US-China trade war: worst yet to come for Chinese economy, say analysts
- Latest Chinese data shows economy is not collapsing, but raises questions about the outlook for consumer spending
- Data suggests government’s stimulus efforts are starting to bear fruit
Chinese consumers reined in their spending in October on increasing uncertainty amid the trade war with the United States, government data released on Wednesday shows.
But growth in fixed-asset investment and industrial production both accelerated during the first month of the fourth quarter, indicating that while the economy may be slowing, it is not collapsing under the weight of trade war uncertainty.
Analysts, however, said the worst was yet to come for the Chinese economy, as the impact of the trade war is expected to weigh on growth at least until the middle of next year. Many expected the government to enact more stimulus measures in the coming months to offset the affects of the trade conflict.
In October, overall investment growth accelerated to 5.7 per cent in the January to October period, above an expected 5.5 per cent gain and the January to September rise of 5.4 per cent.
The data suggests the government’s programme of infrastructure investment was starting to bear fruit, offsetting declines in manufacturing and property investment growth during October.

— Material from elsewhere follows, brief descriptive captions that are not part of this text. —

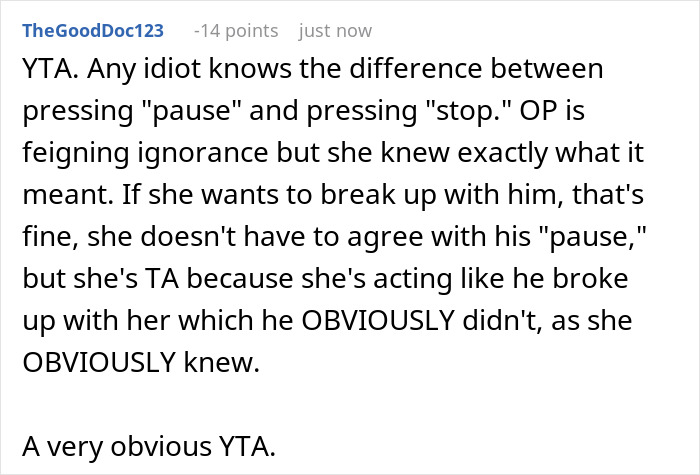 Comment discussing the difference between pressing pause and stop in a relationship argument online.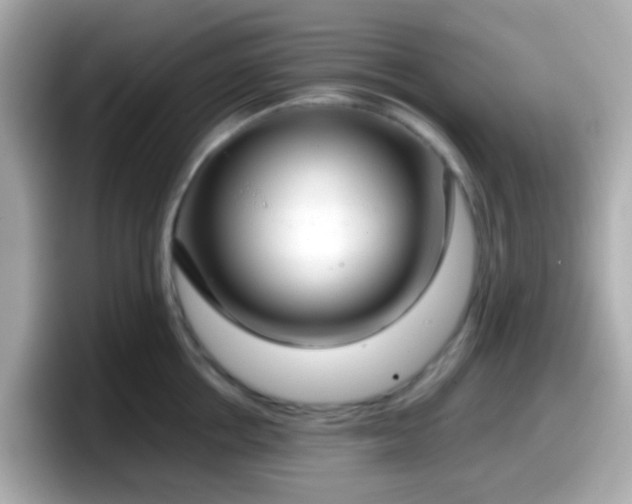 X0000098100858200804111021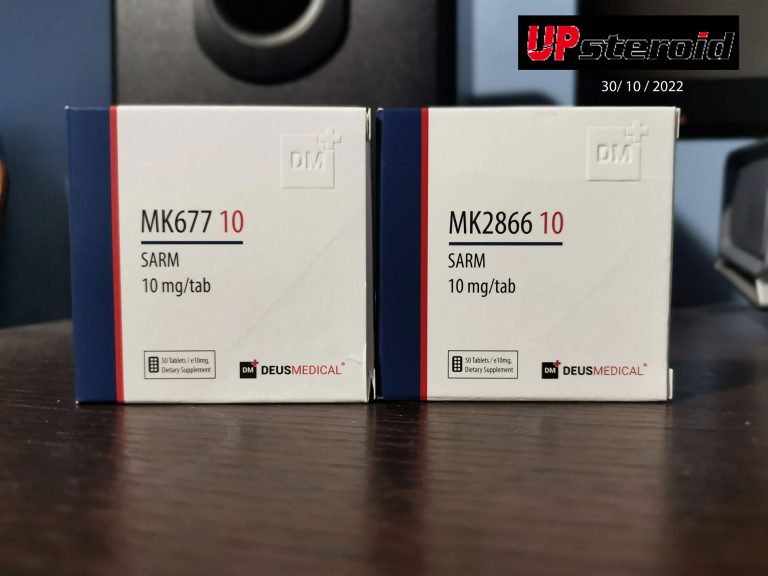 2022年11月3日 6363b86a54077 写真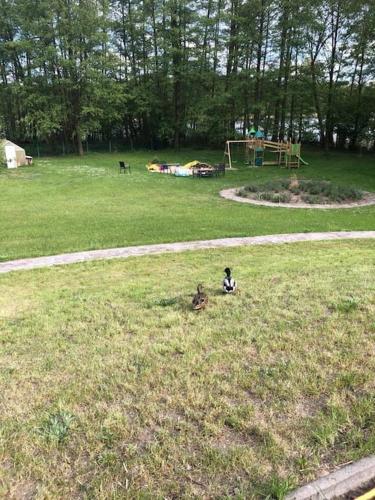 Penthouse Bernd im Waldschlösschen direkt am See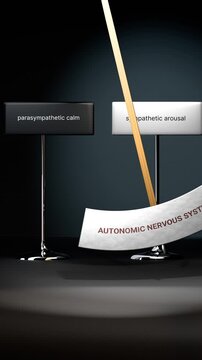 Autonomic nervous system cycles between parasympathetic calm and sympathetic arousal. Visualizing a pattern of autonomic nervous system that swings between extremities.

But analysts said the rebound in investment seen last month may be short-lived.
“The recovery in infrastructure spending will be difficult to sustain without a broader easing of fiscal policy – local government bond issuance has already dropped back in recent weeks in response to budget limits. And home sales, which continued to weaken last month, point to a coming slowdown in property construction,” said Julian Evans-Pritchard, senior China economist at Capital Economics.
Industrial production grew 5.9 per cent in October compared with a year ago, higher than the median of 5.8 per cent and September’s 5.8 per cent outturn. Industrial output was most probably buoyed by the “front loading” of export orders for early next year to this year to avoid increases in US tariffs that go into effect on January 1, with growth in industrial sales for export rising from 11.7 per cent in September to 14.7 per cent in October, according to Capital Economics.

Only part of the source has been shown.